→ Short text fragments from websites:

------------------------------------

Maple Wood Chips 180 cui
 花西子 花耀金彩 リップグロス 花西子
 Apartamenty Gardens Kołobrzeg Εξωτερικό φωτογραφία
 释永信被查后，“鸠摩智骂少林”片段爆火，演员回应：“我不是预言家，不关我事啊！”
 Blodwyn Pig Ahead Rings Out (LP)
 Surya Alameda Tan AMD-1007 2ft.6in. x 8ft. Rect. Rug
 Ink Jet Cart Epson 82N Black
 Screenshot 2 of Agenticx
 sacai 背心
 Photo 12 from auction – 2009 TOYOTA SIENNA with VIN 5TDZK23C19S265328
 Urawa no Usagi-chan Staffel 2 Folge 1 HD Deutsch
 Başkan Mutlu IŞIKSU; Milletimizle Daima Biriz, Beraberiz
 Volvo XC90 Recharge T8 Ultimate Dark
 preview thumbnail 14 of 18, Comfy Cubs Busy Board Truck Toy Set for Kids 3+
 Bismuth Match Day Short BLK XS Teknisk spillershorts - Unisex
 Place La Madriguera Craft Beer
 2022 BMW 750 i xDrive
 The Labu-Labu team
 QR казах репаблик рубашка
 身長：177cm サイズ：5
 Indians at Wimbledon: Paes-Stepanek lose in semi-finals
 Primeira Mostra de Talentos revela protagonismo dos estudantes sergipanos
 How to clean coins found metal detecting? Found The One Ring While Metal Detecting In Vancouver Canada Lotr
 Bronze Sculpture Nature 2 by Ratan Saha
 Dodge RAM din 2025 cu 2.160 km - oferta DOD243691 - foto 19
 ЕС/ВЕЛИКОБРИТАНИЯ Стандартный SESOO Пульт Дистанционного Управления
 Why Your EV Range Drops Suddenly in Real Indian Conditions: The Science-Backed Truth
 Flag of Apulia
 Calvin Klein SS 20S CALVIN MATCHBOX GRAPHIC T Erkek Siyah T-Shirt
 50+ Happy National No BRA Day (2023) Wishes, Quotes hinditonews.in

------------------------------------

→ Instructions to follow: Beginning at the line above with "How to clean" and finishing at the line with "Flag of Apulia", return each line exactly and return nothing else.

→ Expected answer:
 How to clean coins found metal detecting? Found The One Ring While Metal Detecting In Vancouver Canada Lotr
 Bronze Sculpture Nature 2 by Ratan Saha
 Dodge RAM din 2025 cu 2.160 km - oferta DOD243691 - foto 19
 ЕС/ВЕЛИКОБРИТАНИЯ Стандартный SESOO Пульт Дистанционного Управления
 Why Your EV Range Drops Suddenly in Real Indian Conditions: The Science-Backed Truth
 Flag of Apulia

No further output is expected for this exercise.